The flooring is too dusty to show all that well in the pics, but it's pretty good looking. 

I know someone will probably ask about the underlay; I didn't cut corners, just went for the kind of flooring with the underlay already built onto the back of the boards. Ease of installation FTW. 



Looking into the bedroom we extended:












Moving upstairs to the new bathroom project:


----------



## buenrostrox (Dec 15, 2008)

I definitely have my hands full, but it's great to look back at the older pics and see the progression (two months of ownership in a couple days here!!!).


----------



## buenrostrox (Dec 20, 2008)

Finals are over and I have three weeks before the next semester. Time for a flurry of productiveness! 

Here's the progress in the upstairs bathroom:


















Poop pipe downstairs and copper for water:


----------



## buenrostrox (Jan 8, 2009)

Here's some more pics, I've been slackin on updates lately:


Trim has been in for a while:












Office is painted:


----------



## buenrostrox (Jan 8, 2009)

Shower is in (teaser I know):







We've done a lot more than that, I just haven't kept up on the photos. I'll try to get some more asap.


----------



## SPISurfer (Jan 9, 2009)

Buenrostro you rock!  You have a ton of energy.  Thank you for posting your progress.


----------



## buenrostrox (Jan 19, 2009)

Finally took the time to sort through all the pics I have to date. Since my last update we've re-done the cieling texture in the upstairs (popcorn just wasn't doing it for me), nearly finished the bathroom, and started carpeting. 


Here's a snapshot of the old ceiling cleared off:






Dad working on the texture:







Bathroom walled in and mostly sanded:


----------



## buenrostrox (Jan 19, 2009)

Shower:


----------



## buenrostrox (Jan 19, 2009)

Outside of bathroom primed, cementboard laid down for the tile, and the inside painted:











Lighting and fan finished up:


----------



## buenrostrox (Jan 19, 2009)

Dry fitting the tile:














Tile going in:







Tile almost complete (still need to grout):


----------



## buenrostrox (Jan 19, 2009)

.......and in the downstairs:

I cheated and did attached pad carpet, we'll see how it holds up:


----------



## buenrostrox (Jan 19, 2009)

And I had a change of heart on lighting and did a track light with warmer bulbs in the living room:







That about sums it up, next weekend I'll be finishing up the carpet and grouting the tile.


----------



## inspectorD (Jan 19, 2009)

Tell me again that you have a vent fan in the bathroom to get rid of the moisture...I would hate to see the pics in a couple of months with the peeling paint and mildew on the walls.


----------



## buenrostrox (Jan 19, 2009)

inspectorD said:


> Tell me again that you have a vent fan in the bathroom to get rid of the moisture...I would hate to see the pics in a couple of months with the peeling paint and mildew on the walls.

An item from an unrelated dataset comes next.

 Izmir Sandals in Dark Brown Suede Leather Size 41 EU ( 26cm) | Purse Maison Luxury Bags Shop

Sure do, one of the lights is a Vent/Light combo


----------



## inspectorD (Jan 19, 2009)

You just cannot tell nowadays...now I can get a good nights rest.
Thanks for the reply.


----------



## esma (Jan 20, 2009)

please forgive me for all the "stupid" qustions I am asking. you are allowed to laugh but I am just trying to learn remodeling as a part time career not as DIY but paying someone to do it for me.

Can I have tips about building a bathroom (in already covered ares next to garage) from a scratch.
I have used  vanity and tub. can I use it in this remodeling job or should I buy new stuff. Will the used stuff cause a problem?

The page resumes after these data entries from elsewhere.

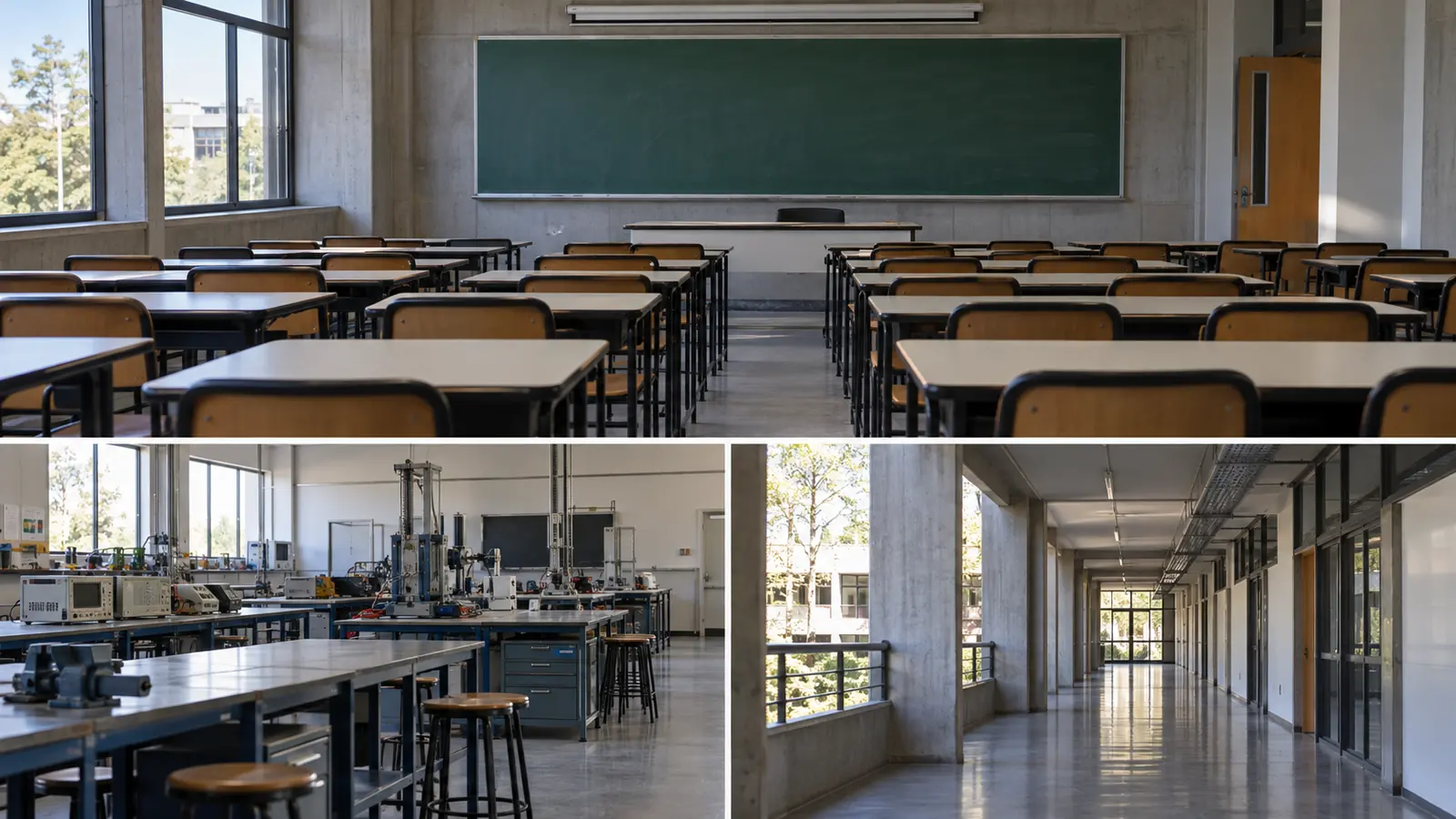 Aula y laboratorio de ingeniería vacíos durante una jornada de paro universitario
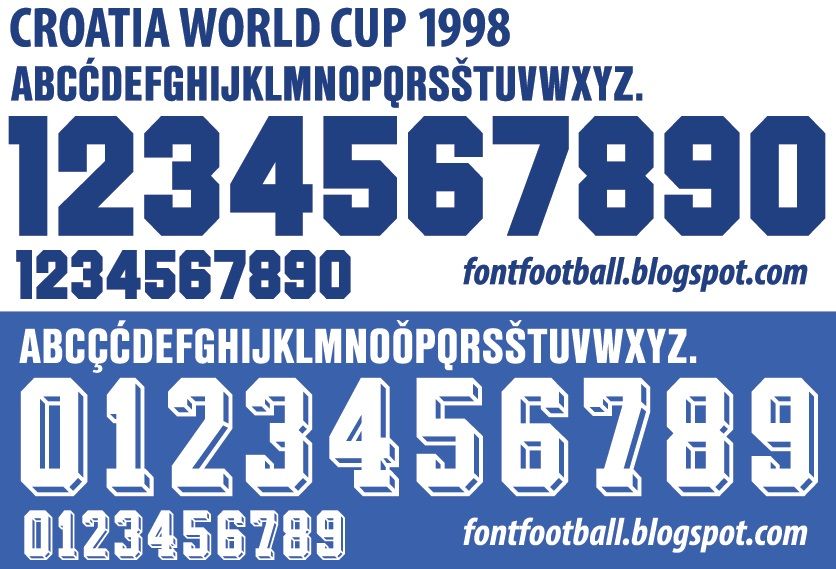 Font Vector Croatia World Cup 1998 kit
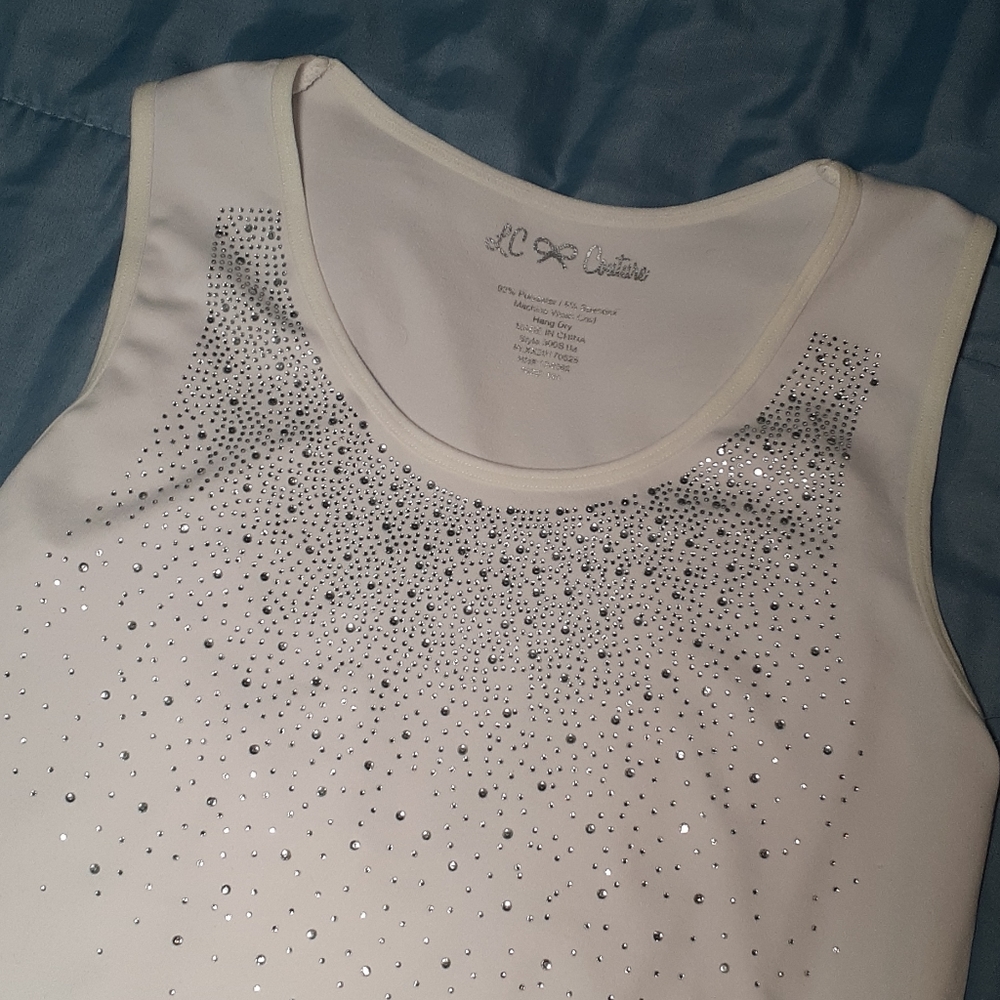 White Tank with silver rhinestones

what should be a price range for an average sized bathroom?


----------



## bacon (Jan 20, 2009)

Well done. It's pretty cool to see the progression from start to finish.


----------



## buenrostrox (Jan 21, 2009)

esma said:


> please forgive me for all the "stupid" qustions I am asking. you are allowed to laugh but I am just trying to learn remodeling as a part time career not as DIY but paying someone to do it for me.
> 
> Can I have tips about building a bathroom (in already covered ares next to garage) from a scratch.
> I have used  vanity and tub. can I use it in this remodeling job or should I buy new stuff. Will the used stuff cause a problem?
> ...



If you aren't going for looks I don't see a problem using used stuff, assuming it's in good condition. The biggest headache is going to be the sewage plumbing and supply lines for your water. It all seems easy until you start fitting pipes in cramped areas. That will also be the most expensive if you are looking at paying someone to have it done.

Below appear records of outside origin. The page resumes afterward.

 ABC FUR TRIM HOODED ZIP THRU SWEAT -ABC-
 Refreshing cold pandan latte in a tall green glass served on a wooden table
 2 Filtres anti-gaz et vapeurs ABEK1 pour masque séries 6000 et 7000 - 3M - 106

For kicks we had a pro plumber come do an estimate for everything that we were planning to do in regard to the sewage and water lines, and we were quoted at $4,500. 

I said NO WAY!

I've crunched some #s and this whole bathroom project is going to end at under $2500 when COMPLETE. That's all my plumbing, vanity, sink, shower, toilet, tile, etc. and that's all brand NEW. You just gotta plan plan plan and scope out the deals at your local home improvement stores.  

If you are paying to have it all done a modest bathroom will still run you $5,000+ depending on how fancy you get. 

If you have the time and willingness to learn, it's worth it to DIY. Plus, you'll have a valuable skill you can sell to others later on


----------



## buenrostrox (Feb 23, 2009)

Spent a few weeks in Mexico for work so that set back my progress. Here is what's new:


Laminate and Trim down in the upstairs bedroom:







Door, trim, and tile for the bathroom:


----------



## buenrostrox (Feb 23, 2009)

Bathroom pretty much complete (sink, toilet, shower, etc)





















Stairs carpeted:


----------



## buenrostrox (Feb 23, 2009)

Office carpeted:







Just have a few finishing touches to go and I can start on the kitchen!


----------



## buenrostrox (Mar 10, 2009)

We've done the transition peces for the floor on the main floor and upstairs, and finally started on the kitchen. Took everything out, and am going to patch up the walls and tear out the five layers of old floor that it has. This would be the kitchen and bath as they are, as well as the beginning of of the tearout:


----------



## buenrostrox (Apr 2, 2009)

We've torn our the kitchen and bathroom floor, fixtures, etc. Doing a complete remodel for the kitchen but still undecided on the bathroom. The only things I would keep would be the tub/tile.


----------



## buenrostrox (Apr 2, 2009)

Drywall touched up, mostly primered, cementboard in, and tile coming together.


----------



## buenrostrox (Apr 2, 2009)

This is where I'm at, we need to grout this weekend and maybe tear out the rest of the bath while I wait for my cabinets and countertops to come in.

Forgot to add; If you ever install a new door CHECK THE FLOOR CLEARANCE!!!!!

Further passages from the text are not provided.